Opiate addiction is one of the worst types out there. The epidemic involving drugs in this group including heroin has claimed the lives of many Americans over the last decade. And it’s only going to get worse if nothing changes.
This guide will focus on the symptoms, causes, and treatment of opiate addiction. If you are dealing with it yourself and need a detox center that can help, Gallus Detox might be your go-to place. You can visit their site for more information using this link: https://www.gallusdetox.com/locations/texas/san-antonio-detox-center/.
Let’s take a deeper look at the guide below so you know what to look for, what may be causing it, and the treatment that needs to be done to beat opiate addiction.
Symptoms of Opiate Addiction
There are plenty of symptoms that can occur with opioid addiction. These include plenty of mood, behavioral, and physical symptoms among others. They include but are not limited to the following:
- “Loss” of prescription opioids
- Slurred speech
- Poor judgment
- Bloodshot eyes
- Flushed skin
- Decreased respiration
This is just a sample list of opiate addiction symptoms across the board. It’s important to know what they are so you can be able to get the help you need as soon as possible. If you know someone who deals with opioid addiction, you may want to watch for these symptoms and make a decision to get them treatment as soon as possible.

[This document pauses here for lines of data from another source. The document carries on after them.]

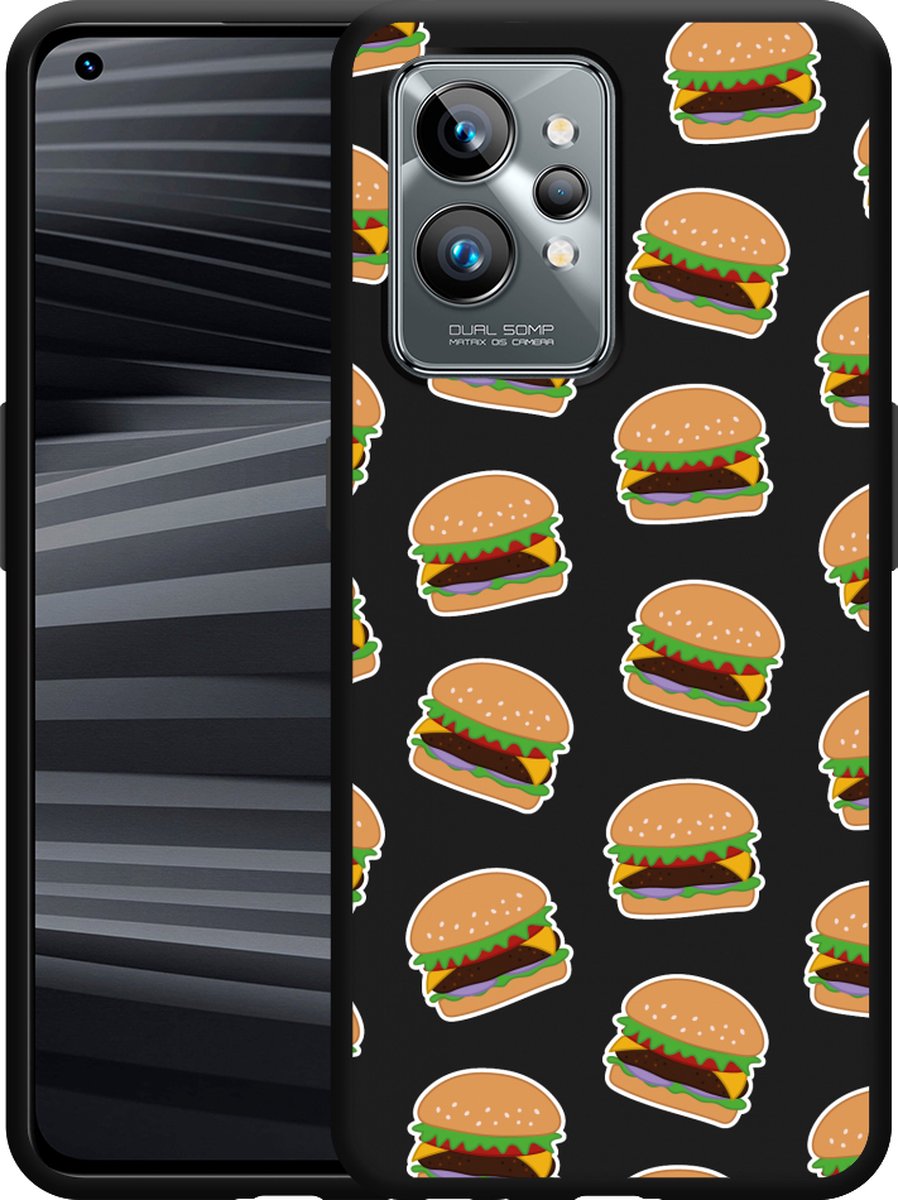 Realme GT2 Pro Hoesje Zwart Burgers - Designed by Cazy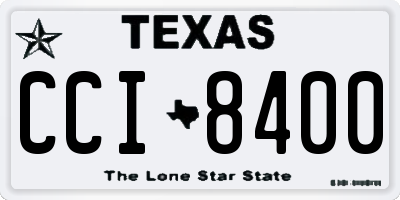 TX license plate CCI8400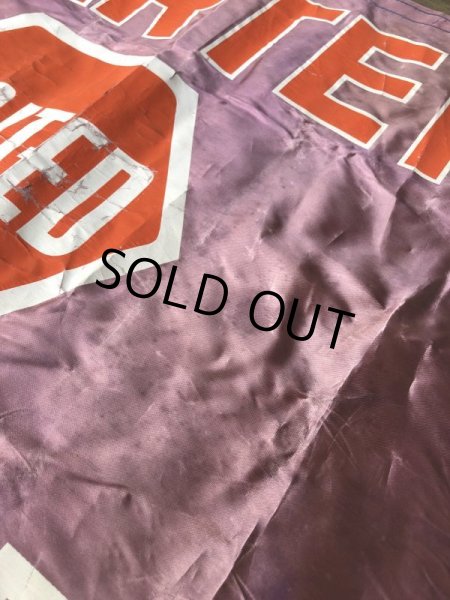 画像7: Vintage NAPA UNITED BRAKE HEADQUARTERS Banner Sign (J322)   (7)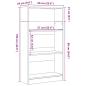 Preview: Bücherregal Schwarz Eichen-Optik 60x24x109 cm Holzwerkstoff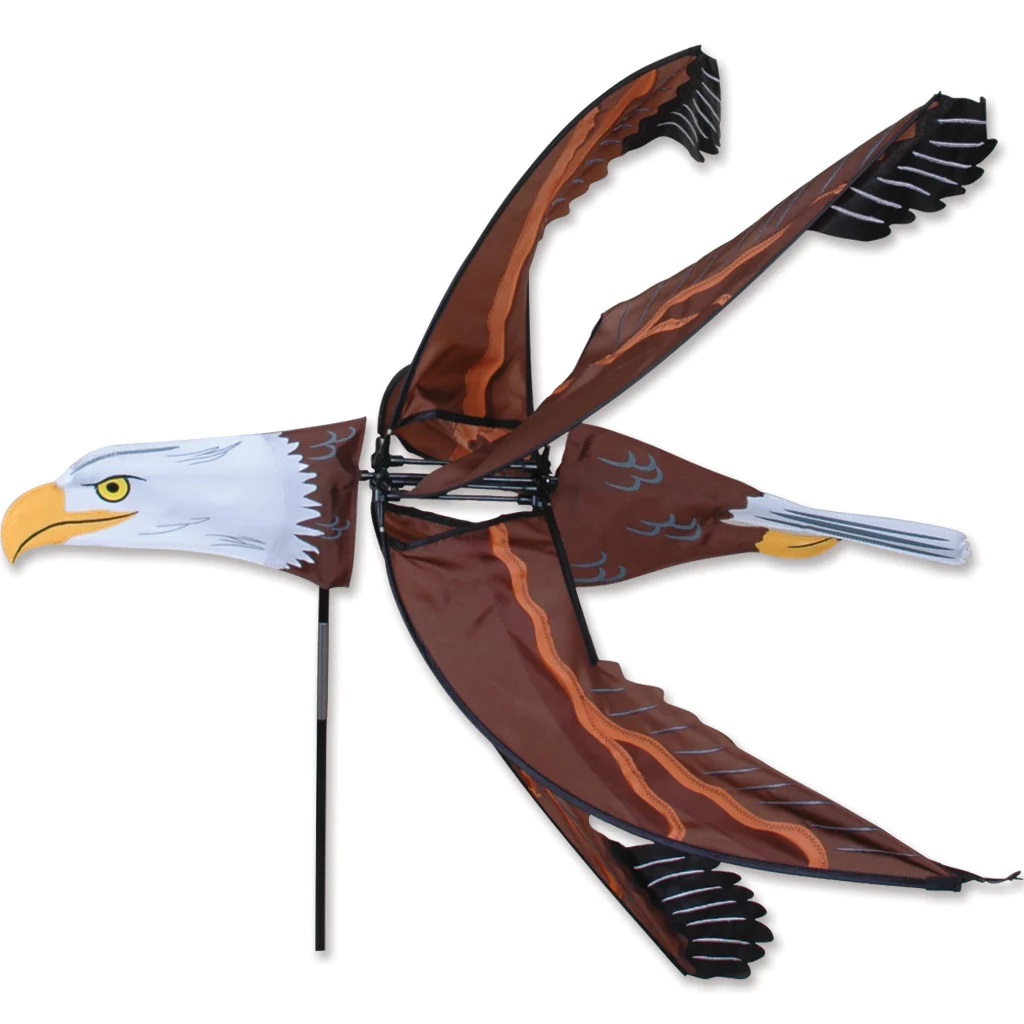 Flying Bald Eagle Spinner Large
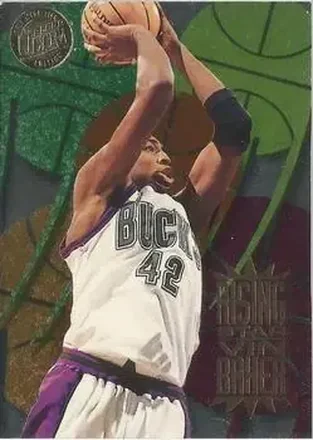 1995-96 Ultra #1 Rising Stars Gold Medallion Vin Baker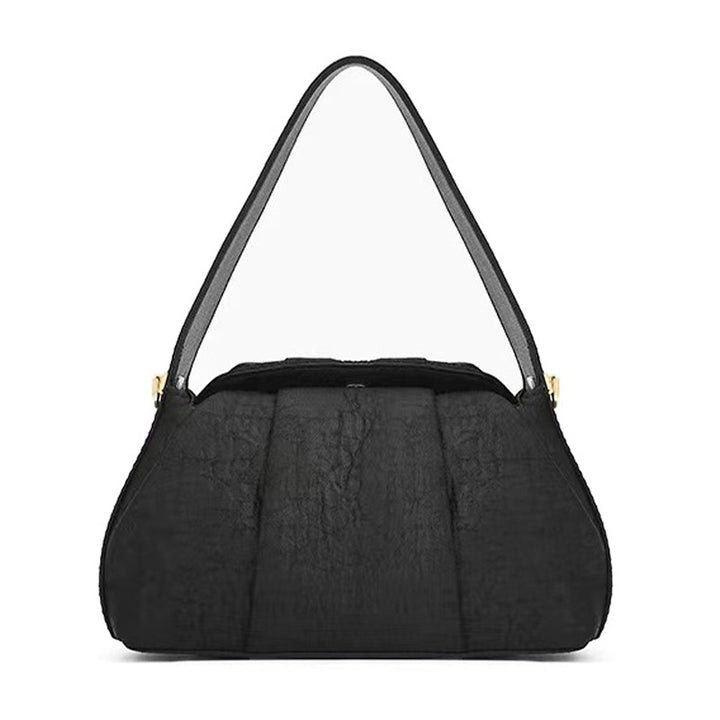 Underarm Top Handle Bag Pink Green &amp; Black Shu Brocade Song Brocade Xiangyunsha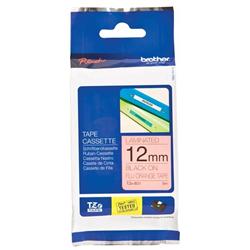 Brother TZe-B31, páska 12mm, signální oranžová/černá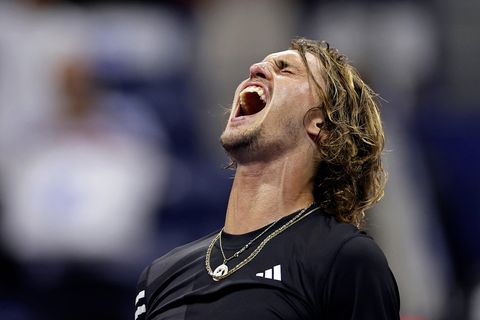 Alexander Zverev jubelt nach seinem Sieg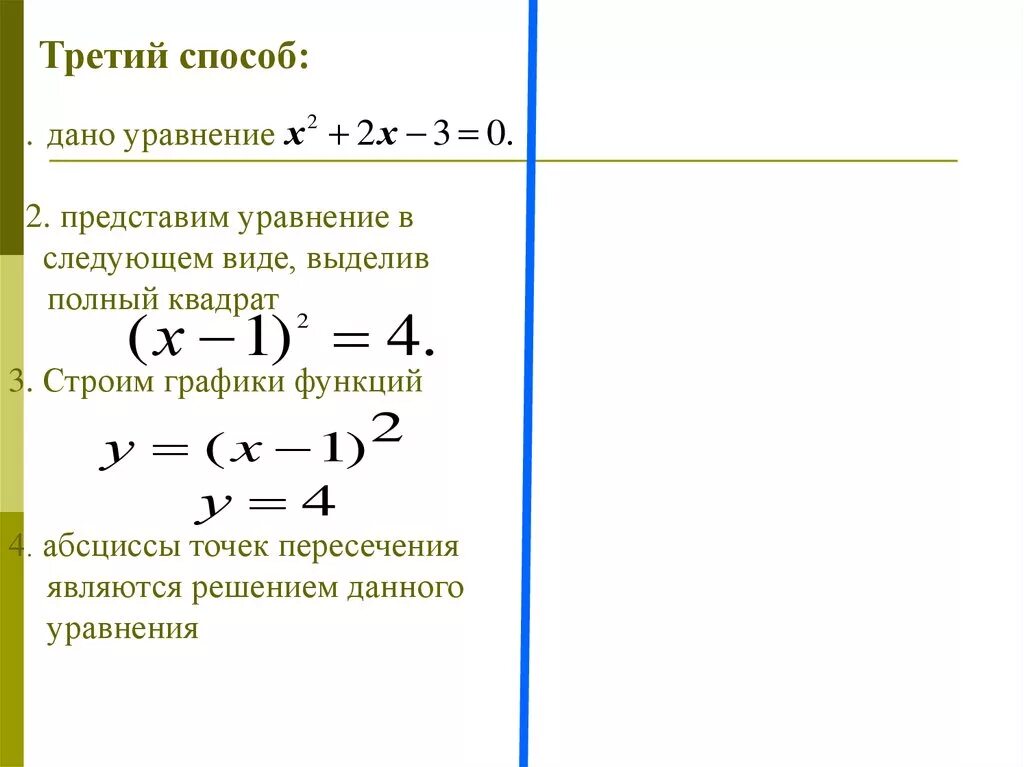 На прямой являющейся графиком уравнения. Графический способ решения квадратных уравнений. Графический метод решения квадратных уравнений. Графическое решение квадратных уравнений. Решение квадратных уравнений графический метод решения.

What causes opiate addiction?
There is no specific cause regarding opiate addiction. However, there are several factors that can play a role. This includes but not limited to the following:
- Brain chemistry: When heroin is introduced to the body for the first time, your brain will release more dopamine. The issue with this is that your brain will not reabsorb it like usual. For this reason, the euphoric and pleasurable feeling will last longer than usual.
- Genetics: If you are born into a family where addiction happens, you are likely to develop one yourself as you get older in life.
- Environmental: Briefly mentioned in the previous point, the environmental factors will play a role in developing an addiction. You may have grown up in a home environment that was chaotic and addiction may have been present. Your environment may cause stress and lead you to find unhealthy coping mechanisms.
- Psychological: Mental illnesses that pre-exist the addiction can lead to the latter development. They will want to find ways to escape the pain of the personal trauma they have suffered. Long-term drug use can even lead to mental disorders progressively getting worse.
Treatment of Opiate Addiction
One of the best ways to treat opiate addiction is using medication. This is known as medication-assisted treatment or MATs. Typically, this will use one of three medications that will help reduce the amount of withdrawals and their symptoms.
Let’s take a look at the following types of medications that are used in MATs:
Methadone is used in inpatient facilities. It’s not widely available outside of the facilities. However, there are other options including buprenorphine and naltrexone.
This is also known as suboxone (and has other alternative names). This is widely available at inpatient and outpatient facilities and also community clinics among other places. This is one of the most common medications that can be used if you are fighting opiate addiction.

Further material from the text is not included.